Graves: Rise of Differentiable Attention

  • Presentation on different attention papers.
  • Pointed out Neural Programmer Interpreters (Reed 2015), DRAW paper (Gregor 2015), and Spatial Transformer Networks (Jaderberg at NIPS 2015)

Cho: NMT

  • Didn’t go into the details of NMT, which was good.
  • Instead described three issues / directions for Translation that need to be addressed:
    • Word-level
    • Sentence-wise
    • Bilingual
  • Word-level: go to subword level
    • “Run”, “Running”, etc are all diff words but shouldn’t be treated that way
    • Problem is that meaning is highly nonlinear over the character set —> “quiet”, “quite”, “quit” start the same but mean very different things
    • Computation complexity increases greatly when using character-level
    • Papers here include Wang Ling (2015) and Gillick et all 2015 (Unicode)
    • Unicode doesn’t work so well for all languages, e.g. Korean
  • Sentence-wise: Need context greater than sentence
    • Wang and Cho, 2015
    • Chris Dyer doing great work here out of CMU
    • Serbian (2015), Sardoni (2015) are each doing hierarchical modeling for dialogue
    • Also need to blend world knowledge with context … no good ideas how to do that
  • Multilingual Translation: most interesting of the three that he’s been looking at
    • Does knowing Language F help with Language E? Unsolved for both humans and machines
    • Do one NxM language model to avoid quadratic explosion of # of parameters
    • Long et al (2015): Multilingual Seq2Seq
    • Is this an interlingua?
    • Is attention model universal or language specific?
    • This is interesting because multilingual corresponds to multimodal and multitask

Gary Marcus Talk

  • “We have language translators (that can’t answer anything else)”
  • Wrote a paper with Marblestone and Tom Dean in Science —> check out the Arxiv supplement for better coverage
  • His book from 2001 “The Algebraic Mind” presents a candidate neuro-ontology.
  • Can one capture the richness of human language and thought from a reduced set of neurocognitive primitives?
  • Variables and Operations —> How to encode?

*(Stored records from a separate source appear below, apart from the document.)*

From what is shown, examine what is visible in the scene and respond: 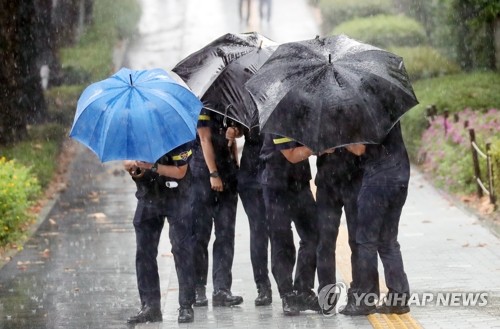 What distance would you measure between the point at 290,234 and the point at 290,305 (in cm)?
59

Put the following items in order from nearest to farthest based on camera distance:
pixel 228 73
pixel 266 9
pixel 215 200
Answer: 1. pixel 228 73
2. pixel 215 200
3. pixel 266 9

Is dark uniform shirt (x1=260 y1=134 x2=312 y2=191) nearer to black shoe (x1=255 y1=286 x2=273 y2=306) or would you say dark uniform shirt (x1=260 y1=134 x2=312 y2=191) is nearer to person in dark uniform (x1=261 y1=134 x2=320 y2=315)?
person in dark uniform (x1=261 y1=134 x2=320 y2=315)

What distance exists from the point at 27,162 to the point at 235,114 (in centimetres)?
998

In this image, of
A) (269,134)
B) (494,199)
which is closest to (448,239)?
(494,199)

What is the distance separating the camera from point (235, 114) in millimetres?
11062

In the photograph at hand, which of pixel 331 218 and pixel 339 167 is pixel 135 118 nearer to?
pixel 339 167

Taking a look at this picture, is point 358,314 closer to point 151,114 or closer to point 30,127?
point 151,114

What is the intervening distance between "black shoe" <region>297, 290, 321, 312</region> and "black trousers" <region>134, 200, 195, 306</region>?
874 millimetres

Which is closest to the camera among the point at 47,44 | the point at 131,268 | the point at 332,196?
the point at 332,196

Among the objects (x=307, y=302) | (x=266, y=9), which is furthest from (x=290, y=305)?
(x=266, y=9)

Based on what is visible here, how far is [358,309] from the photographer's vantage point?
1052 centimetres

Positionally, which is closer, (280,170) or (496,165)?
(280,170)

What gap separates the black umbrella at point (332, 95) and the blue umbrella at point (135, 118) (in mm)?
587

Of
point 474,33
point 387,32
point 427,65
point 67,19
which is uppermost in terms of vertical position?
point 67,19
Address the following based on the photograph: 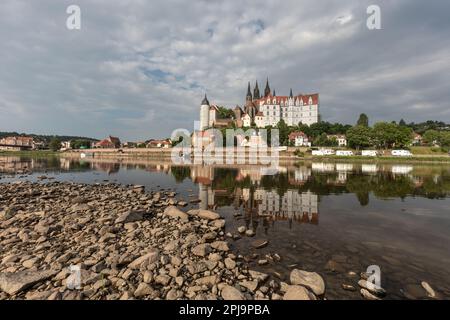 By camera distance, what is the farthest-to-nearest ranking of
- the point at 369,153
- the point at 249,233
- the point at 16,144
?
the point at 16,144
the point at 369,153
the point at 249,233

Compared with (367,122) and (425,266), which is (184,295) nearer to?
(425,266)

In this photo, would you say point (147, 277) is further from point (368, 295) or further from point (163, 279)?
point (368, 295)

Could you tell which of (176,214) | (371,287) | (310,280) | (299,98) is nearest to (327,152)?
(299,98)

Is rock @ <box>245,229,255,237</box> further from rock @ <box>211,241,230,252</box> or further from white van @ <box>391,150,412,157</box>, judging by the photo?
white van @ <box>391,150,412,157</box>

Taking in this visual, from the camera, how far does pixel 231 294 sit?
21.0 feet

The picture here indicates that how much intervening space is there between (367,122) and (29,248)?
453ft

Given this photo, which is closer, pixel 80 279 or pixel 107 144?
pixel 80 279

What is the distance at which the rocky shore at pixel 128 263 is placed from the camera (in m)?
6.57

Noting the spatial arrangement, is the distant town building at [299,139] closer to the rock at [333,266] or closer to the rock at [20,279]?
the rock at [333,266]

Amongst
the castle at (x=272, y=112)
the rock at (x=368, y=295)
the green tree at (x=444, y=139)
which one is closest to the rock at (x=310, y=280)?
the rock at (x=368, y=295)

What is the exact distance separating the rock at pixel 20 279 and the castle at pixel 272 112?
118837 millimetres

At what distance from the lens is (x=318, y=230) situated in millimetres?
12688

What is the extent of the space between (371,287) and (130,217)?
38.4 feet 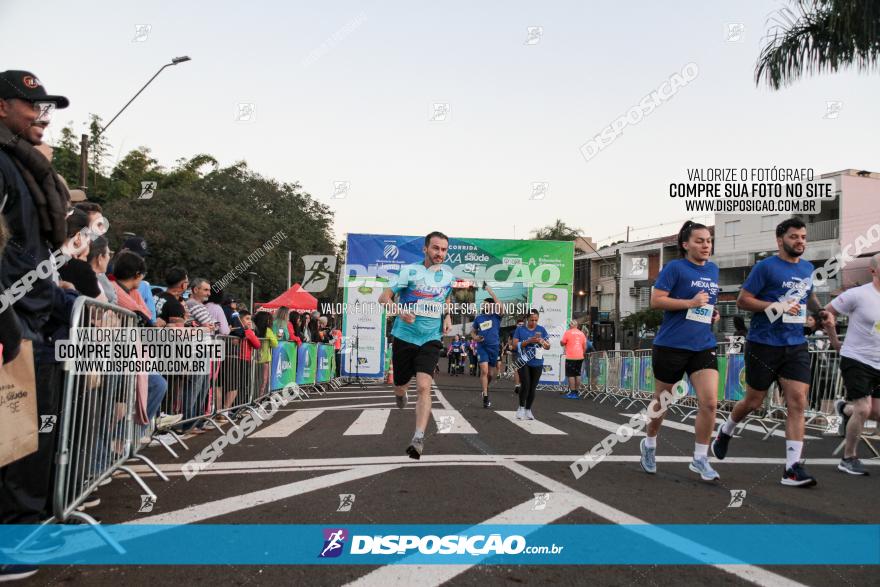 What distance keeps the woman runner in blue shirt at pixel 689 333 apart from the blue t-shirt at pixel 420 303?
7.00 feet

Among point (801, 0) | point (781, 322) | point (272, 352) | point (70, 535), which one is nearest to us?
point (70, 535)

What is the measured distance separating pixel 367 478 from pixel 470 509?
135 cm

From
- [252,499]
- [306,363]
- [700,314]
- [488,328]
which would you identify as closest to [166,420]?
[252,499]

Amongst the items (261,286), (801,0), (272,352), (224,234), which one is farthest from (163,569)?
(261,286)

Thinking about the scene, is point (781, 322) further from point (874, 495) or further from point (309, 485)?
point (309, 485)

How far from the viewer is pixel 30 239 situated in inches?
140

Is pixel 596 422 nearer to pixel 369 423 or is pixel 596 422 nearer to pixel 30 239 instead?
pixel 369 423

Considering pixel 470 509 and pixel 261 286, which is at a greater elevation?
pixel 261 286

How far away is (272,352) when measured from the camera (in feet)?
42.7

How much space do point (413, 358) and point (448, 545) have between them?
12.0ft

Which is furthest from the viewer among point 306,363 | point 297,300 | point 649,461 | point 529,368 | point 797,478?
point 297,300

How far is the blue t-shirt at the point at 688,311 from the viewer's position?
245 inches

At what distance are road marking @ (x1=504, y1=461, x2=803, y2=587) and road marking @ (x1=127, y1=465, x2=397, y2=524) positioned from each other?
1395 millimetres

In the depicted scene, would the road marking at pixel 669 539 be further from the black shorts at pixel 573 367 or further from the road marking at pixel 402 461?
the black shorts at pixel 573 367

They give you open-ended generalizations.
  • Newborns can see simple patterns like “wo wo fe” + “be be ca” —> “ta ta do” and NOT “do ta ta”
  • Opposite approach: Canonical Cortex View
  • His conjecture: The cortex consists of a heterogenous set of basic circuit types, the FPGA model of the brain
  • Half of the genome is expressed in the brain. Do we really need that many genes just to build an MLP? Why are we still assuming that we don’t want structure?
  • Wants to approach it with a rich set of basic computational circuit types –> Memory Networks, NTMs, NPI all good steps


  • Lecunn: not aware of climate change and deep learning being done together. Suggested the questioner try it.
  • Pascal Vincent gave a great talk, really interesting, on a way to speed up neural networks. He looked at the underlying calculations in doing the feed forward and found that by making two tricks he could speed it up by a factor of D/4d, where D is the output size and little d is the input size. Only applies to things that fit his spherical objective definition.